▶ **Exercise**
Copy the data below exactly, omitting any picture it contains.

(Stored items from a collection)
==========
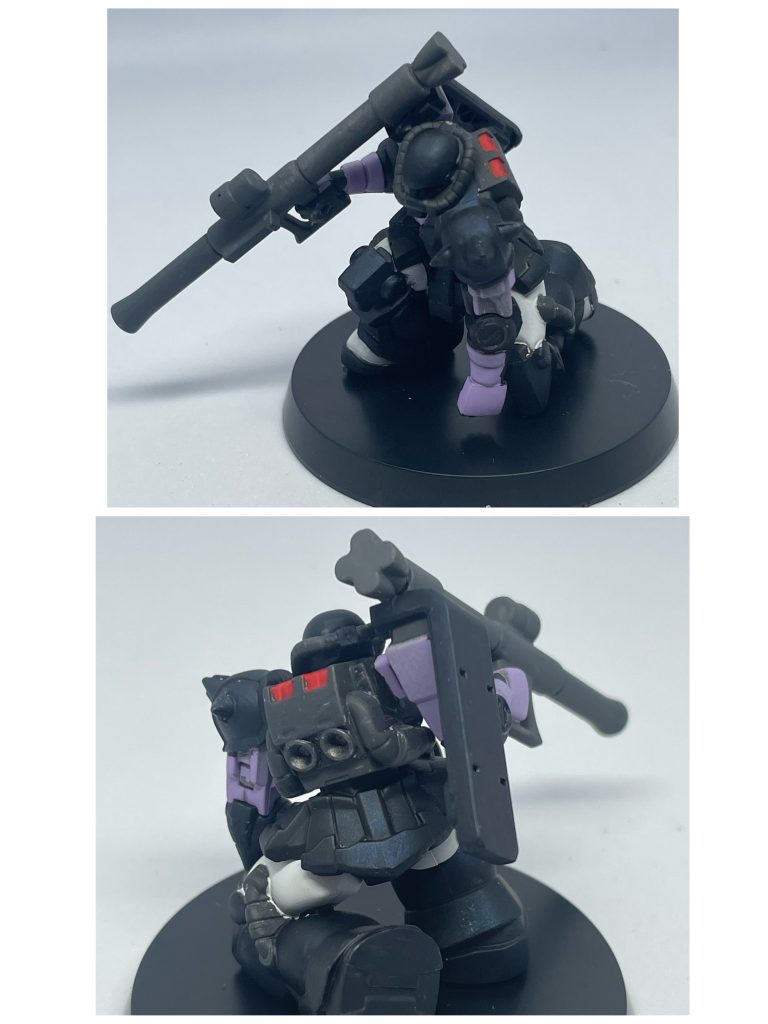 この膝立ちポーズとかプラモよりもバッチリ決まってます!塗装的にはバズーカは別パーツにして欲しかったなぁと思いました😅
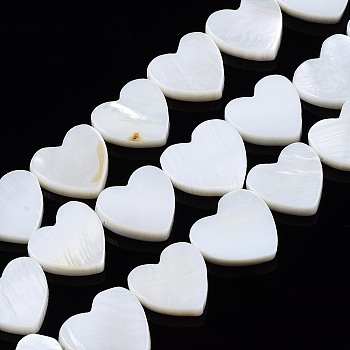 Natural Freshwater Shell Beads Strands, Heart, Creamy White, 12~13x12~14x3mm, Hole: 0.8mm, about 30pcs/strand, 14.96 inch~15.35 inch(38cm)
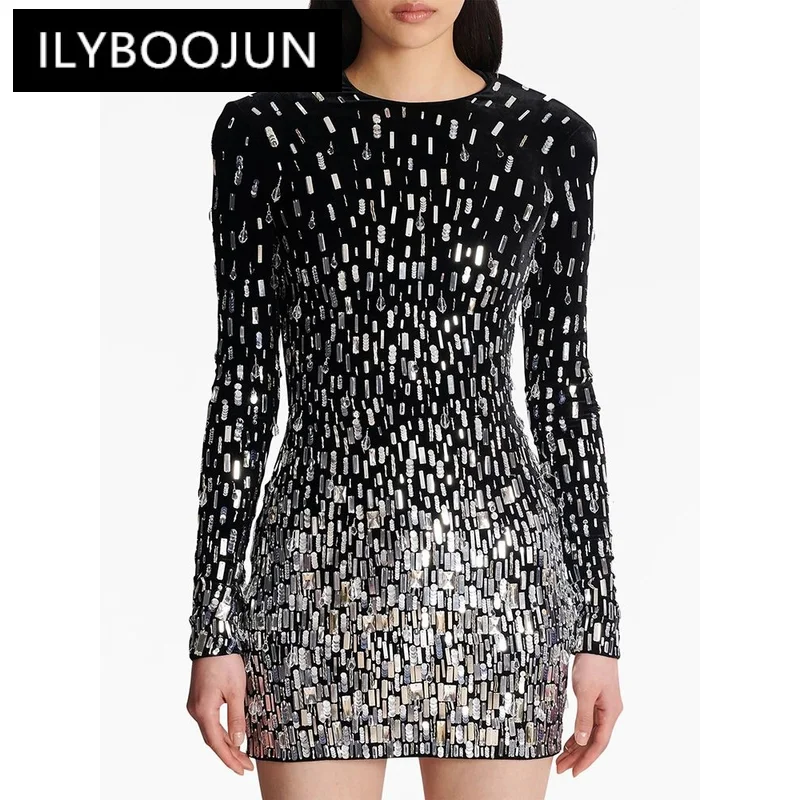 

ILYBOOJUN Newest Fashion 2024 Designer Women's Long Sleeve Luxurious Sequined Crystal Beaded Velvet Mini Dress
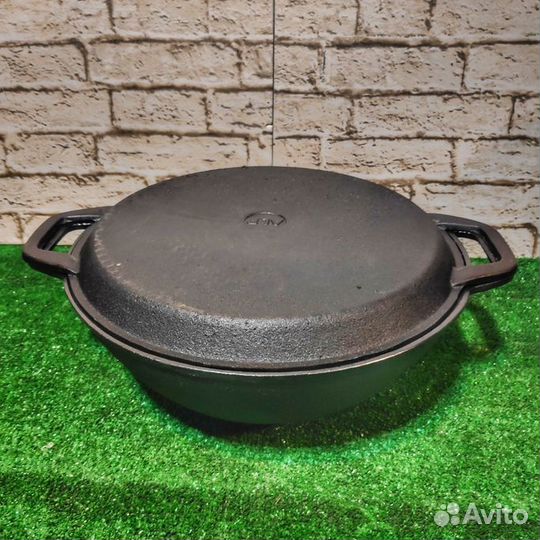 Казан вок чугунный с крышкой-сковородой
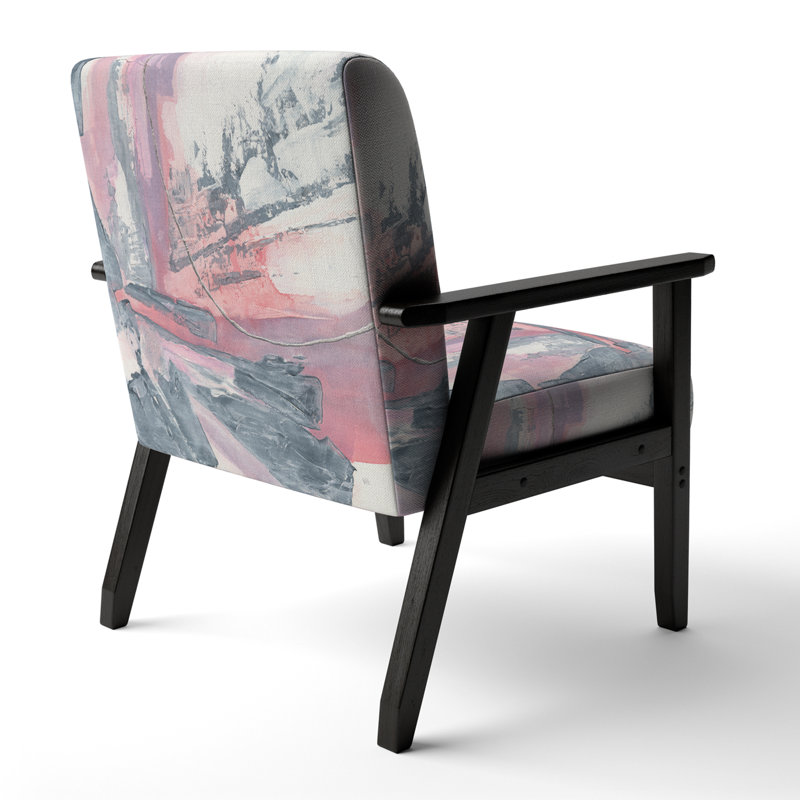 Bulpitt - Durty Shabby Pink Blush I - Fauteuil d'appoint rembourré en velours Shabby Elegance
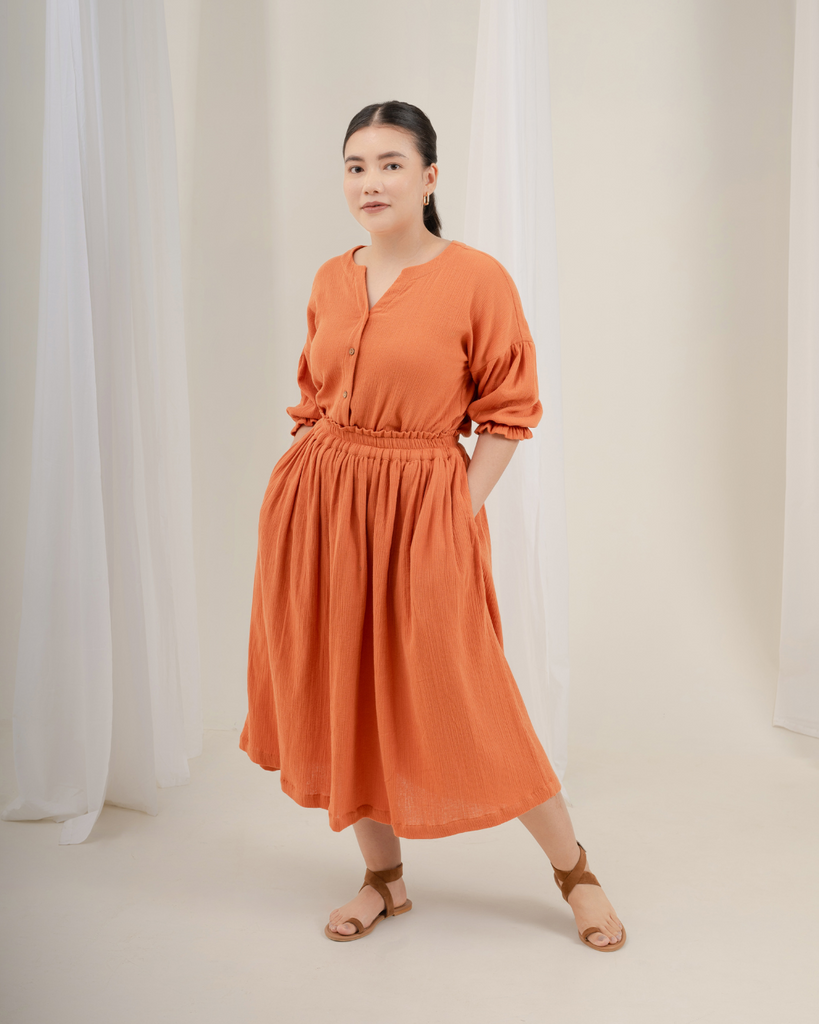 Orange skirt | Wrinkle cotton skirts | Holiday clothing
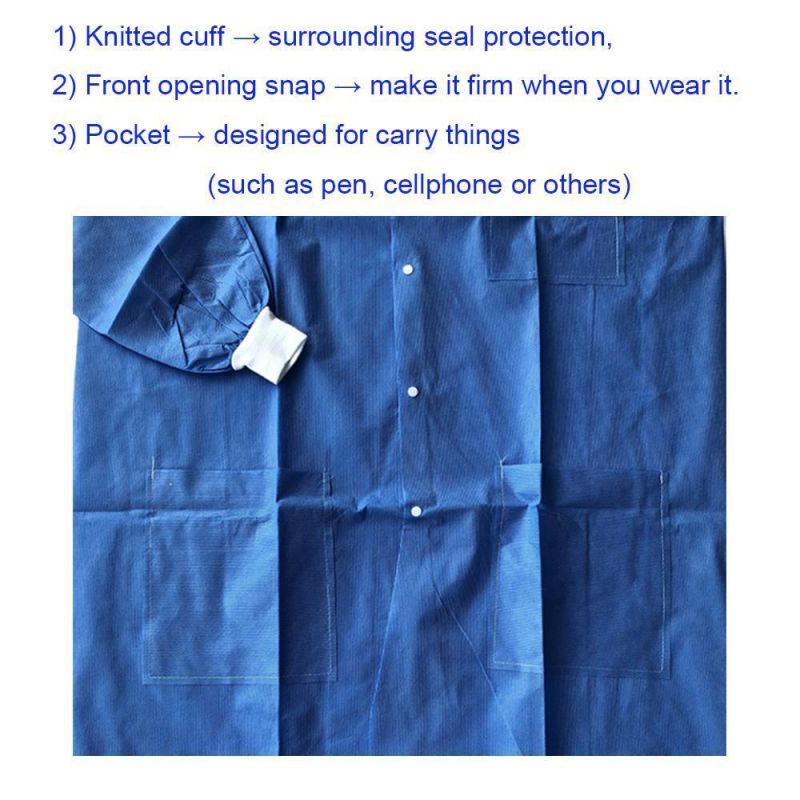 Disposable Nonwoven Medical Work Uniform Lab Coat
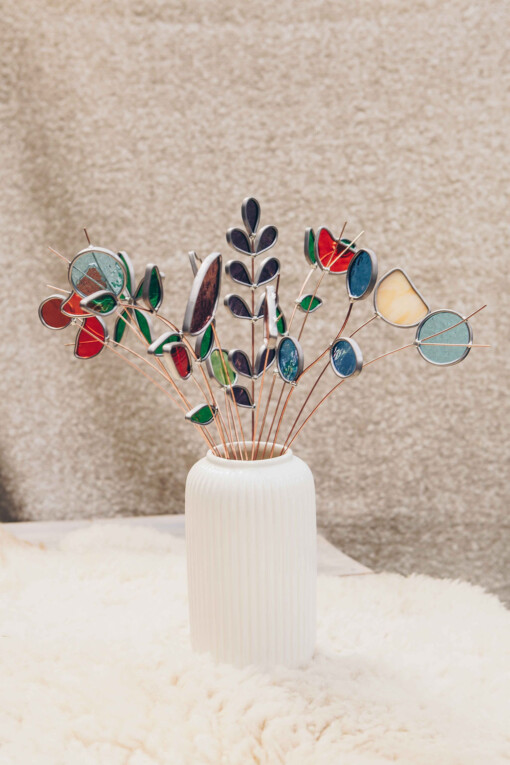 Paradise passion, boeket glazen bloemen incl gratis vaas
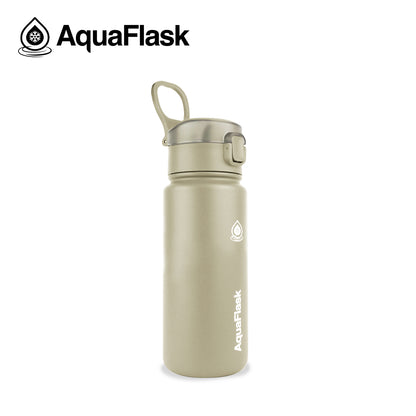 Colección de botellas Sports Sip de Aquaflask mostradas en varios tamaños y colores para hidratación activa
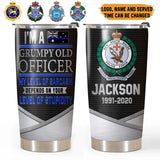 Personalized I'm A Grumpy Old Officer My Level Of Sarcasm Depends On Your Level Of Stupidity Australian Police Logo Tumbler Printed KVH24662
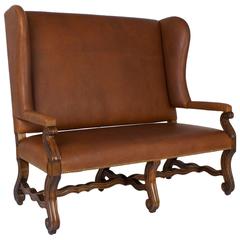 Handsome Ralph Lauren Style Brown Leather Settee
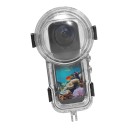 Capa à prova de água para Insta360 X5 S com suporte manual de aproximadamente 180 x 35 mm e vara extensível de 28-114 cm Capa subaquática Transparente 3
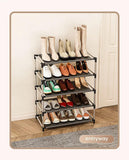 Stylish Shoe Rack Metal Simple Shoe Shelf Footwear Organizer Stand Holder Space-saving Black Shoe Shelf for Living Room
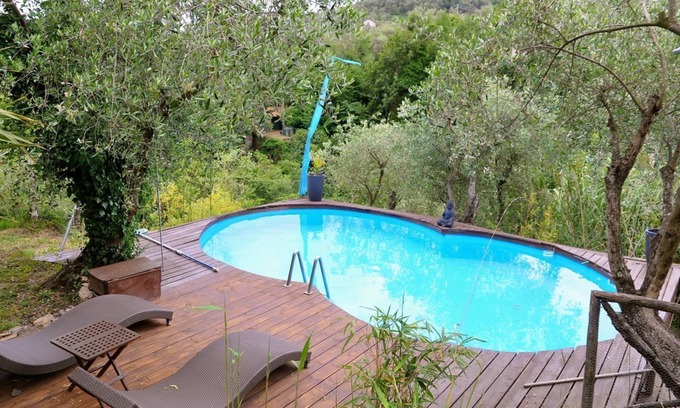 Dolcedo Apartment | Relaxing Apartment with Pool Amidst Olive Gardens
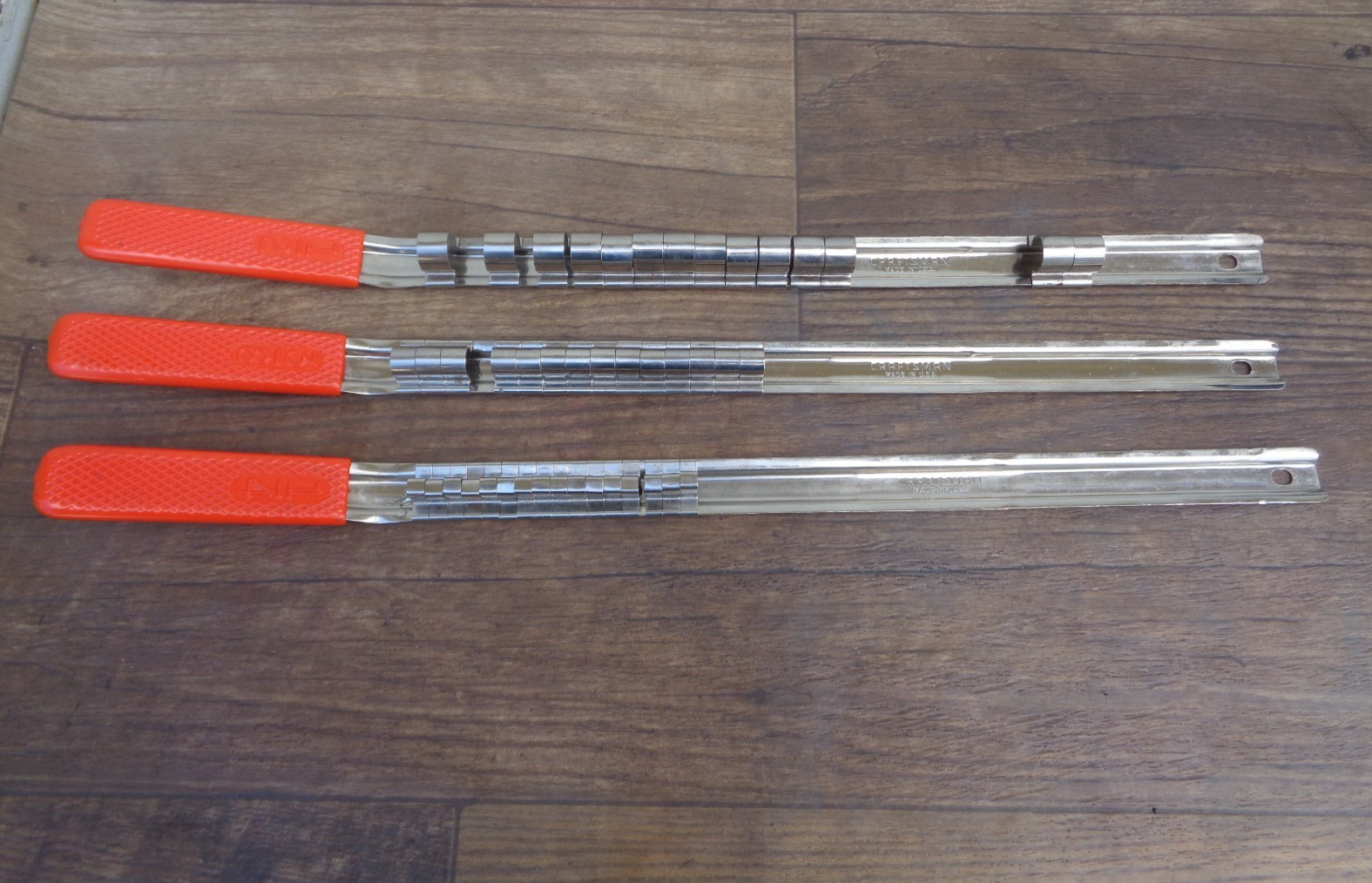 Vintage CRAFTSMAN Socket Rack/Rail Set – 3pcs – 1/4, 3/8, 1/2 Drive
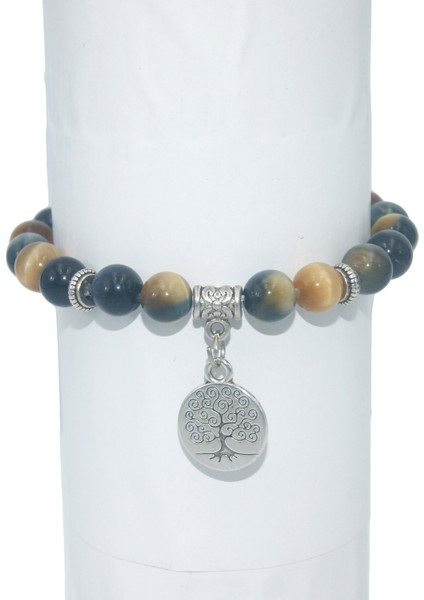 Kara Ağ Taşı Kadın Erkek Yoga Bileklik Femme Için 8 mm Doğal Taş Ağacı Hayat Boncuk Lapis Lazuli Kaplan Gözü Akik Mala Boncuk Bilezikler Bilezikler (Yurt Dışından) fırsatları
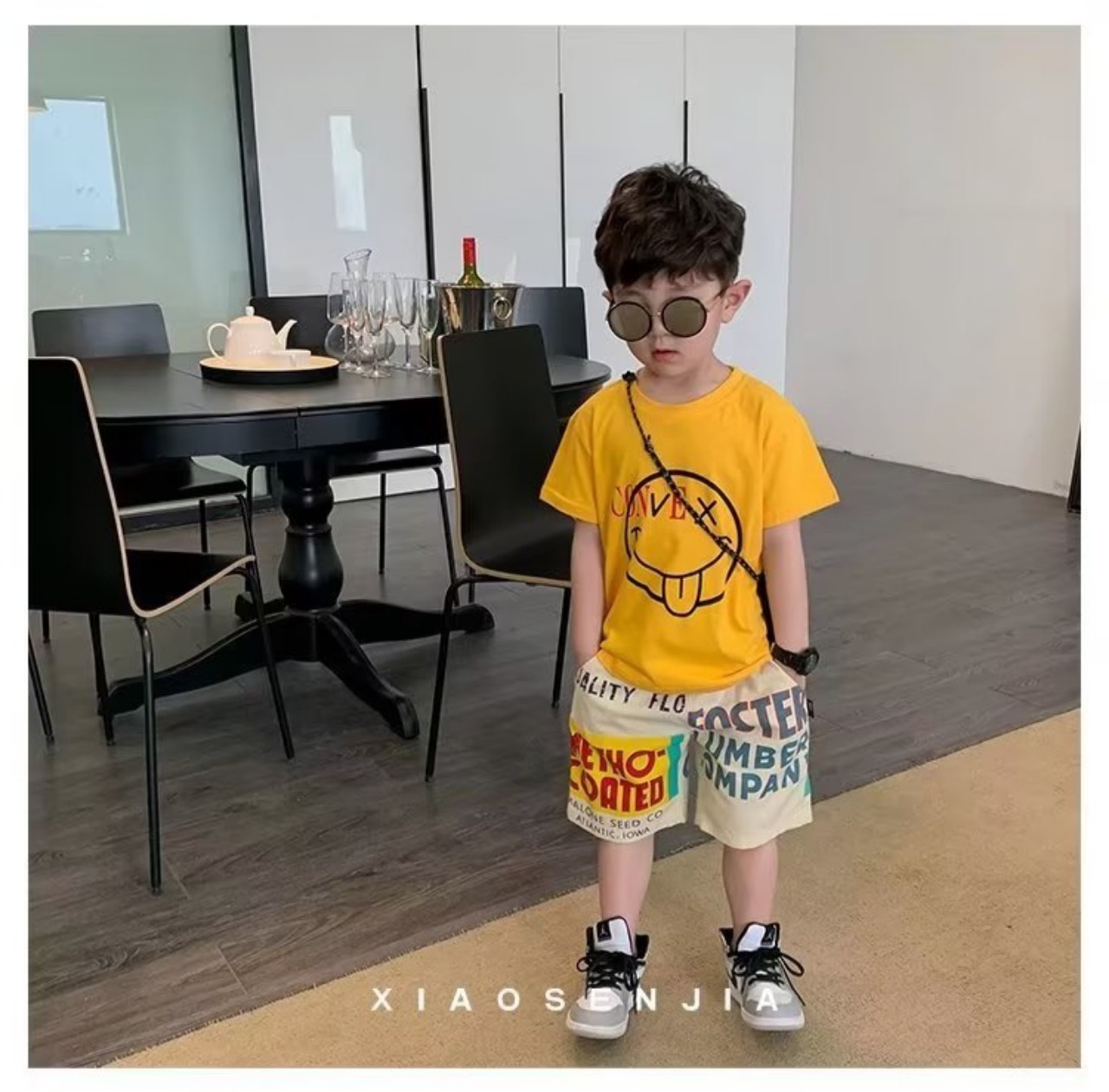 [SIZE NHÍ+ĐẠI+CỒ] SÉT BỘ THUN MẶC NHÀ BÉ TRAI MẶT CƯỜI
==========
▶ **Answer section**
 この膝立ちポーズとかプラモよりもバッチリ決まってます!塗装的にはバズーカは別パーツにして欲しかったなぁと思いました😅
 Natural Freshwater Shell Beads Strands, Heart, Creamy White, 12~13x12~14x3mm, Hole: 0.8mm, about 30pcs/strand, 14.96 inch~15.35 inch(38cm)

ILYBOOJUN Newest Fashion 2024 Designer Women's Long Sleeve Luxurious Sequined Crystal Beaded Velvet Mini Dress
 Казан вок чугунный с крышкой-сковородой
 Bulpitt - Durty Shabby Pink Blush I - Fauteuil d'appoint rembourré en velours Shabby Elegance
 Orange skirt | Wrinkle cotton skirts | Holiday clothing
 Disposable Nonwoven Medical Work Uniform Lab Coat
 Paradise passion, boeket glazen bloemen incl gratis vaas
 Colección de botellas Sports Sip de Aquaflask mostradas en varios tamaños y colores para hidratación activa
 Personalized I'm A Grumpy Old Officer My Level Of Sarcasm Depends On Your Level Of Stupidity Australian Police Logo Tumbler Printed KVH24662
 Handsome Ralph Lauren Style Brown Leather Settee
 Capa à prova de água para Insta360 X5 S com suporte manual de aproximadamente 180 x 35 mm e vara extensível de 28-114 cm Capa subaquática Transparente 3
 Stylish Shoe Rack Metal Simple Shoe Shelf Footwear Organizer Stand Holder Space-saving Black Shoe Shelf for Living Room
 Dolcedo Apartment | Relaxing Apartment with Pool Amidst Olive Gardens
 Vintage CRAFTSMAN Socket Rack/Rail Set – 3pcs – 1/4, 3/8, 1/2 Drive
 Kara Ağ Taşı Kadın Erkek Yoga Bileklik Femme Için 8 mm Doğal Taş Ağacı Hayat Boncuk Lapis Lazuli Kaplan Gözü Akik Mala Boncuk Bilezikler Bilezikler (Yurt Dışından) fırsatları
 [SIZE NHÍ+ĐẠI+CỒ] SÉT BỘ THUN MẶC NHÀ BÉ TRAI MẶT CƯỜI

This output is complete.